Sebi does the right thing
Sebi does the right thing
Stock market regulator Securities and Exchange Board of India (Sebi) has done well not to rush into a hasty decision to alter takeover rules in the case of Satyam Computer Services Ltd. Here’s why.
The problem is the price at which they can buy Satyam. Indian takeover regulations say that acquirers have to make an open offer to other shareholders once their holding in the target company crosses 15%. This open offer should be at the average price of the share over 26 weeks.
This pricing formula was originally designed to ensure that small investors get a good price when a company changes hand. But it ensures that any suitor for Satyam will have to pay much more than the current price of a Satyam share of around Rs60. That may put off acquirers.
Hence the clamour to change takeover rules in the special case of scam-scarred Satyam. But we have had two worries.
One, tweaking the takeover rules would create a precedent that can later be misused. So Sebi has done well to take a relook at the pricing formula for all takeovers, rather than just Satyam.
Two, the 26-week average price seems high right now because the Satyam share traded at close to Rs225 till mid-December, when B. Ramalinga Raju tried to merge it with Maytas Infrastructure. And then there was another steep fall after Raju admitted on 6 January that he had falsified Satyam’s accounts.

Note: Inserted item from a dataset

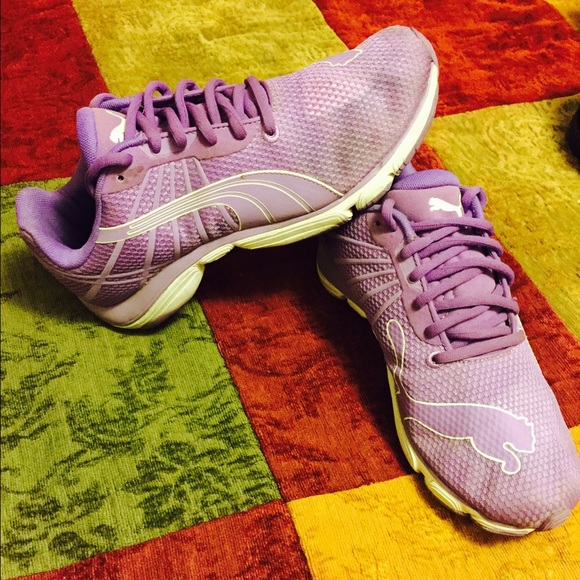 Pumas women shoes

But the 26-week average price will drop as the weeks go by. And it is our guess that it will take several months for the acquirers to do their due diligence and the board to sign off on a sale.
The market price of Satyam, too, could climb as a deal gets closer. So, it is very likely that the gap between the 26-week average and current market price will narrow—the difference could be put down as a “control premium". Given this, Sebi has been wise in not bowing to pressure to tweak rules for Satyam in a hurry.